TASK BRIEF
The data below holds a line containing "Small teal excavator" and a line containing "laundry area with"; please quote exactly those two lines and every line between them, and nothing else.

EXTRACTED INFORMATION

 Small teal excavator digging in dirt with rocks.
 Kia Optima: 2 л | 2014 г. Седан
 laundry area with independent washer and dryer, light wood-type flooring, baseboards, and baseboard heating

* * *

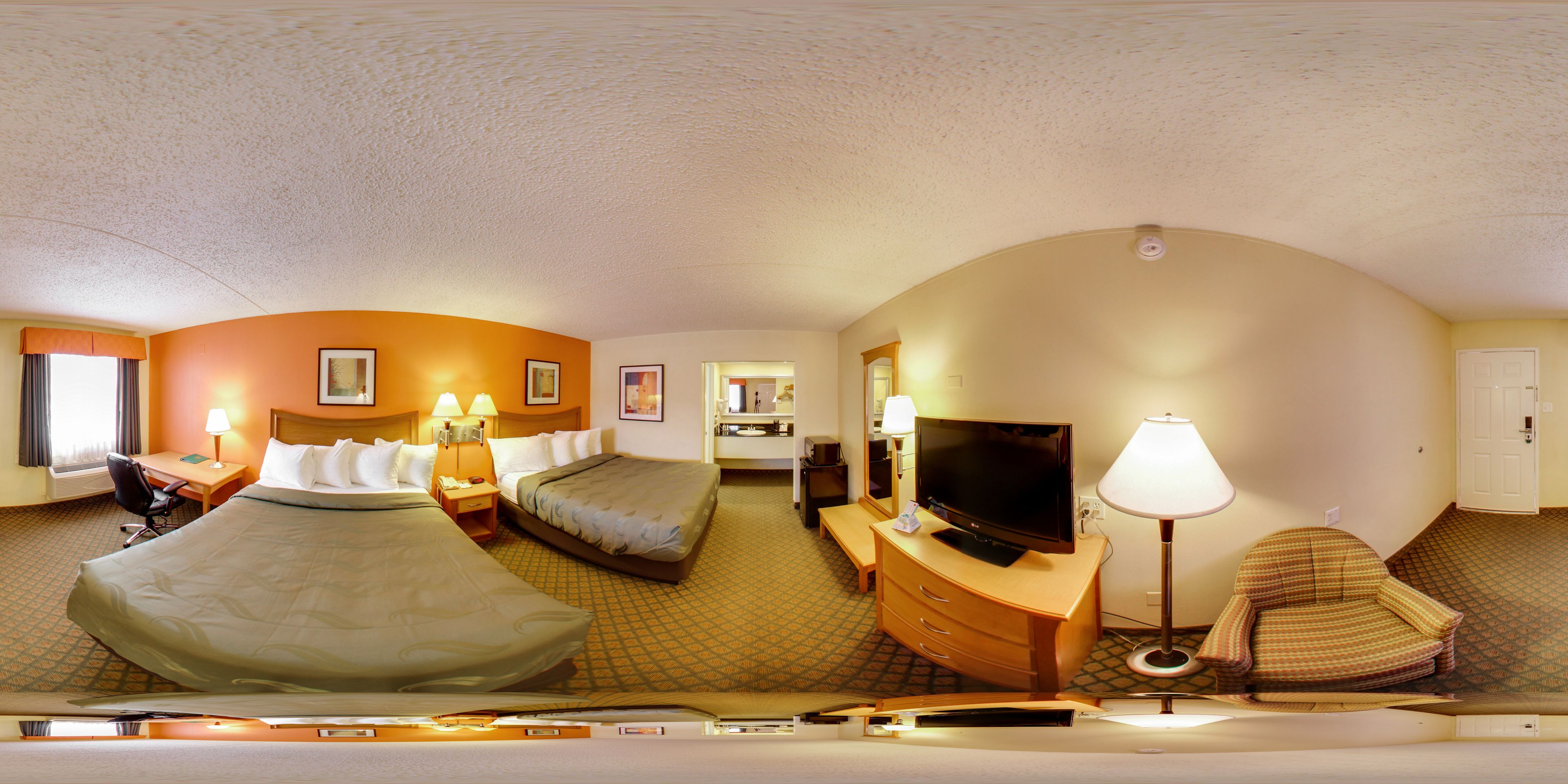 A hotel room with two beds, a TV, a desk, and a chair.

...

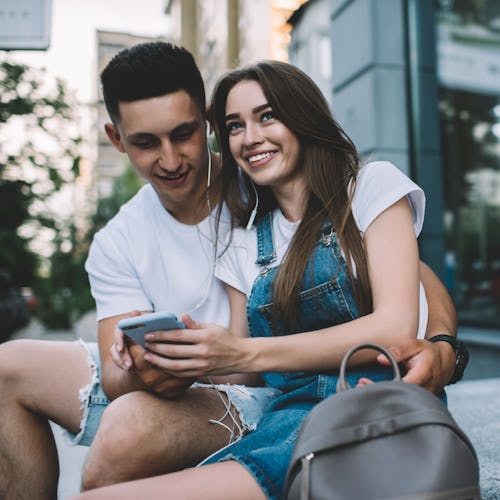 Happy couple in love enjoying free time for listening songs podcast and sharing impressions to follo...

TASK SOLUTION
 Small teal excavator digging in dirt with rocks.
 Kia Optima: 2 л | 2014 г. Седан
 laundry area with independent washer and dryer, light wood-type flooring, baseboards, and baseboard heating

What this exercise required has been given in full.